• Work request: Beginning with the line where "Kitchen-Cooking Island" appears, restate each line word for word until the data ends. Pictures do not go in.

• Data segment:
________________________________________

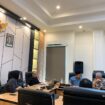 Wakil Ketua I DPRD Sulawesi Tengah, Aristan (tengah), memimpin rapat evaluasi bersama Komisi III DPRD Sulteng di ruang rapat DPRD Sulteng, Jumat (09/01/26). FOTO: istimewa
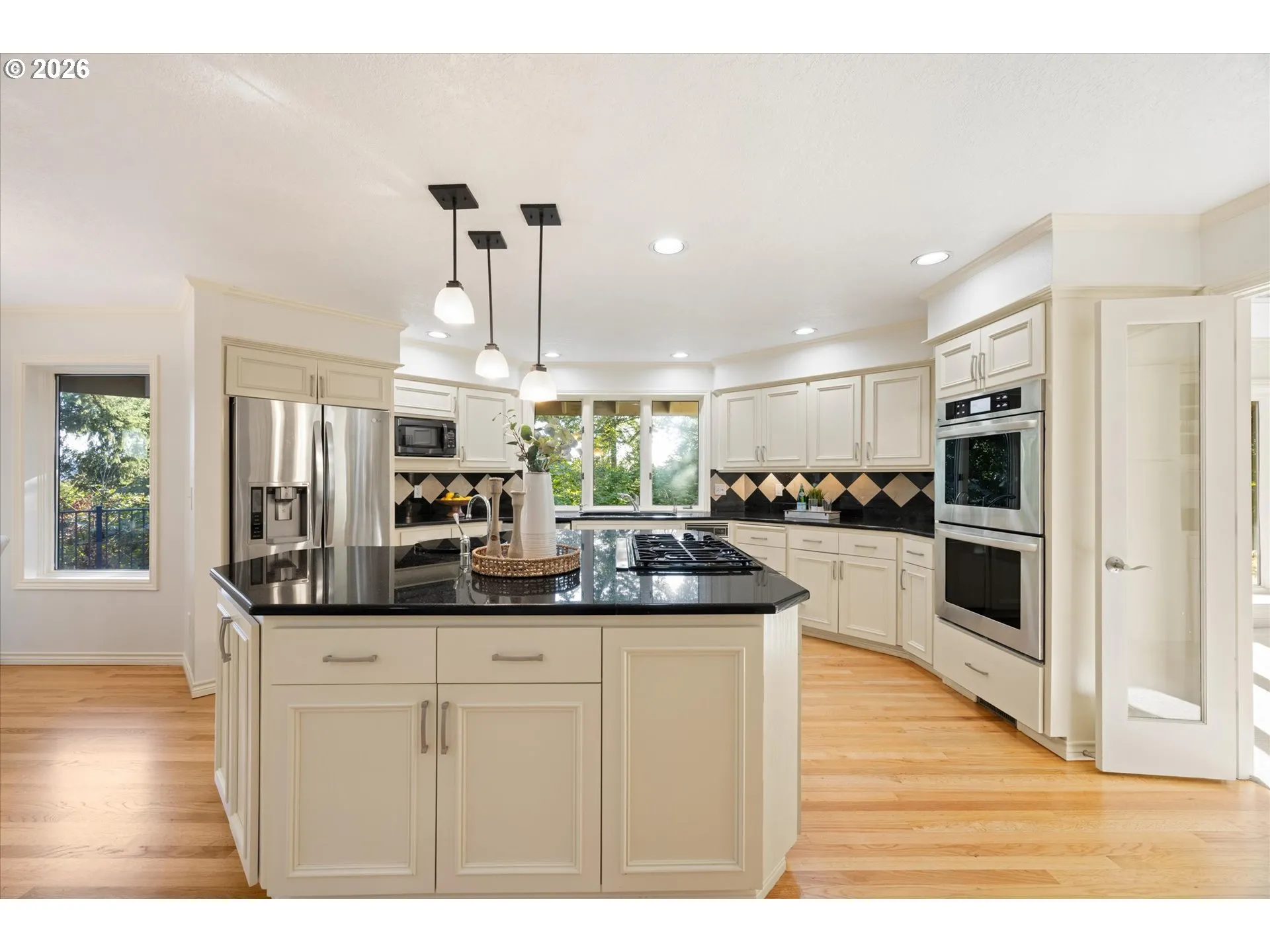 Kitchen-Cooking Island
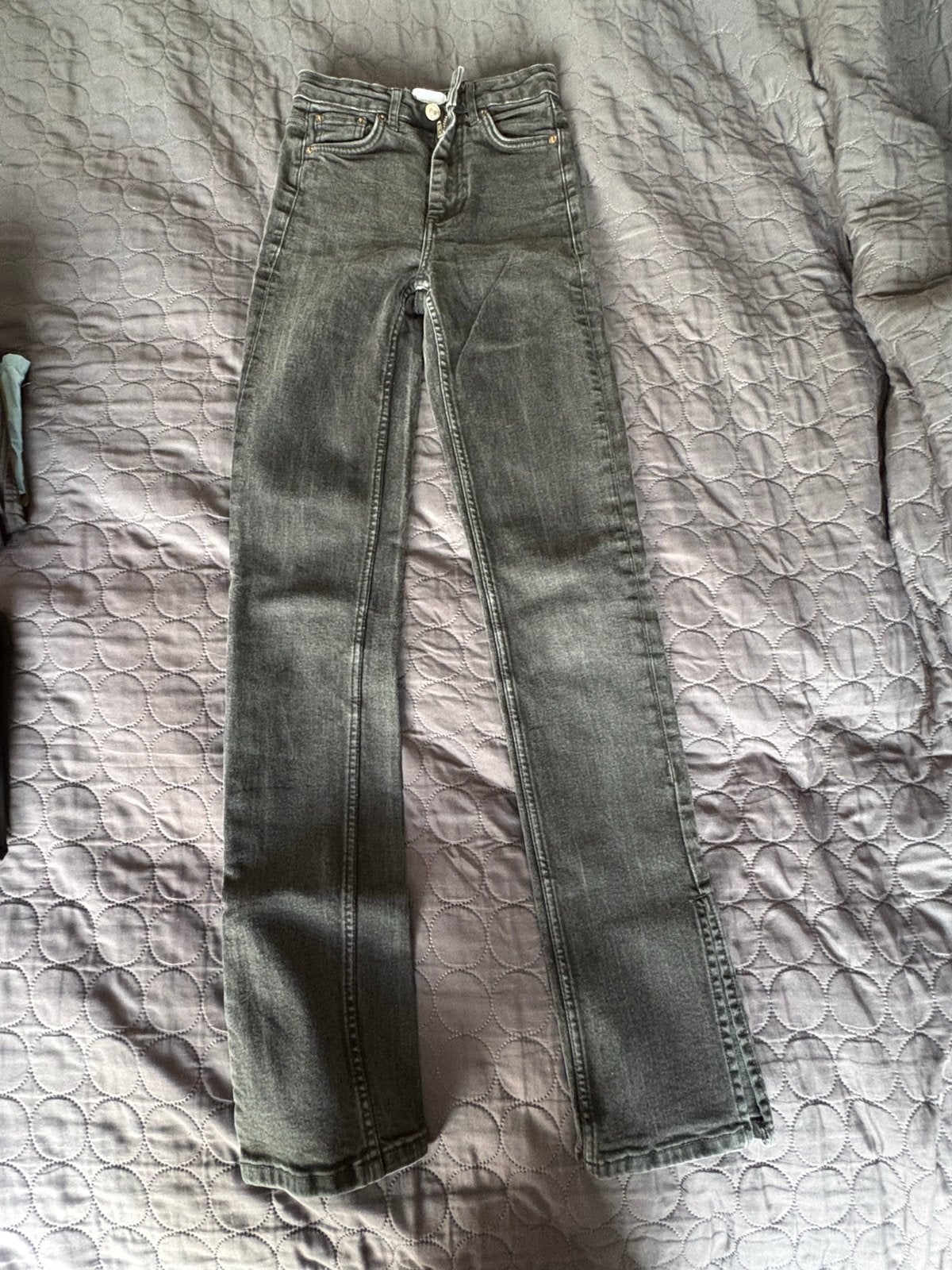 Zara grijze jeans met split, maat 32, Kleding | Dames, Ophalen of Verzenden, Zo goed als nieuw, Grijs, W27 (confectie 34) of kleiner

________________________________________

• Answer space:
 Kitchen-Cooking Island
 Zara grijze jeans met split, maat 32, Kleding | Dames, Ophalen of Verzenden, Zo goed als nieuw, Grijs, W27 (confectie 34) of kleiner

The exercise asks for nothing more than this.